Sewell, who had been vice president, became president of the Memphis Police Association as a result.
But as Godwin was ending his tenure as police director, Sewell was suspended by the union board for not being aggressive enough as city leaders explored layoffs and other budget-tightening measures, including a 4.6 percent pay cut.
Williams, who had been the union’s vice president, eventually became its president.
Wharton and Armstrong differed publicly in September 2012 about the state of the police department.
It followed the shooting of a 15-year-old boy by an off-duty Memphis police officer that followed a string of police corruption cases.

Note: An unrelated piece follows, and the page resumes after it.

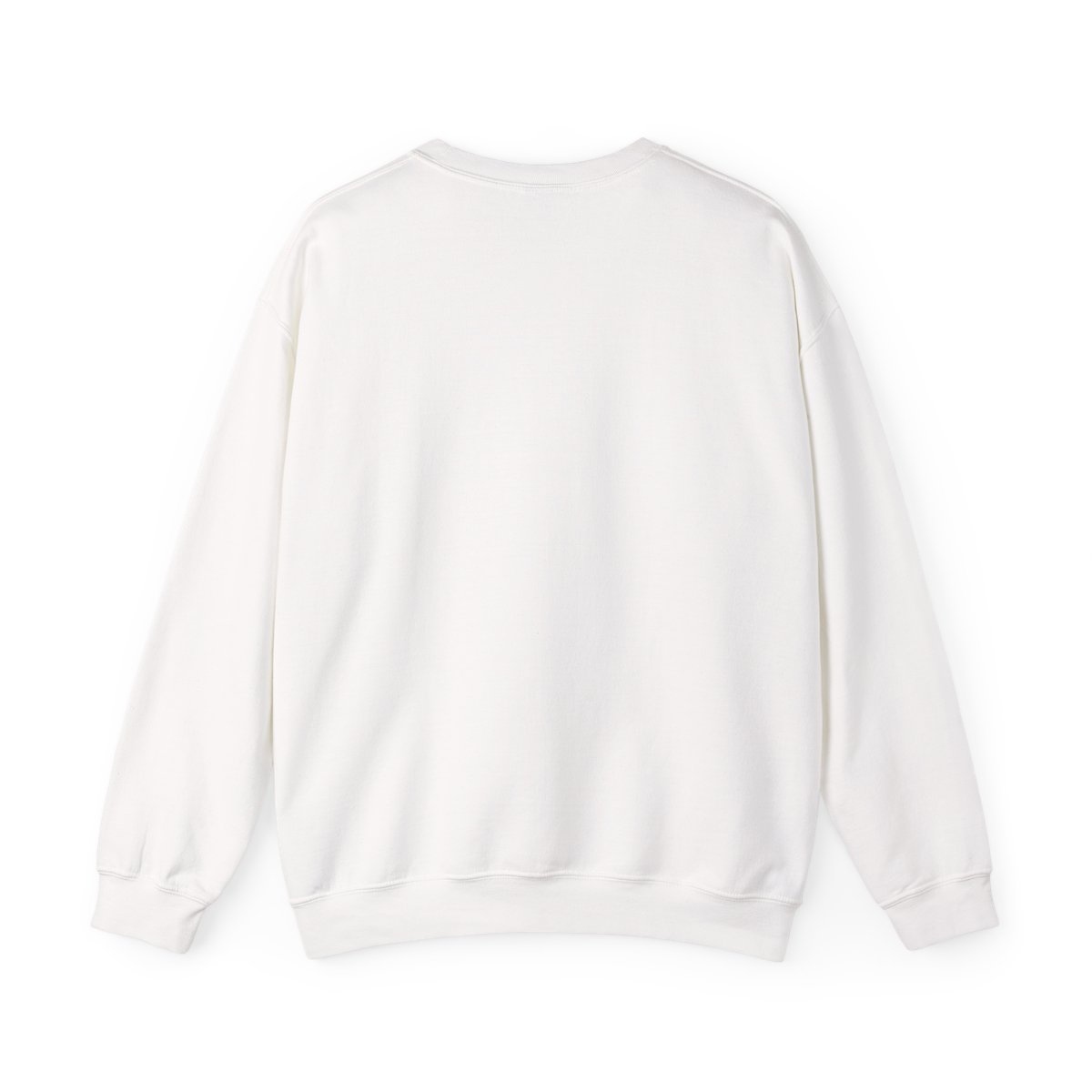 D&D 'Well Sh*t / That's How I Roll' D20 Sweatshirt - alternate angle 1, merchandise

“Not passing judgment, but obviously something isn’t working correctly,” Wharton said as Armstrong stood next to him. “It’s not a matter of frustration. It’s just an objective statement.”
“It’s disappointing to me for the mayor to perceive the department being in an unacceptable state,” Armstrong replied at the same press conference.

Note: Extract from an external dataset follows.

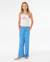 Pantalon sunshine disty fille Royal blue 3 - vertbaudet enfant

Williams put the union’s leadership squarely in Armstrong’s corner in the dispute, which was also short-lived.
He said Wharton’s treatment of Armstrong was “humiliating,” and he called for a “hands-off” approach by Wharton toward Armstrong.
“He hasn’t really been given the opportunity to be police director,” Williams said at the time. “He has not done anything that has indicated he can’t be trusted.”
Wharton has since said he and Armstrong have disagreed in the past and that the differences are part and parcel of constructive discussions within the administration.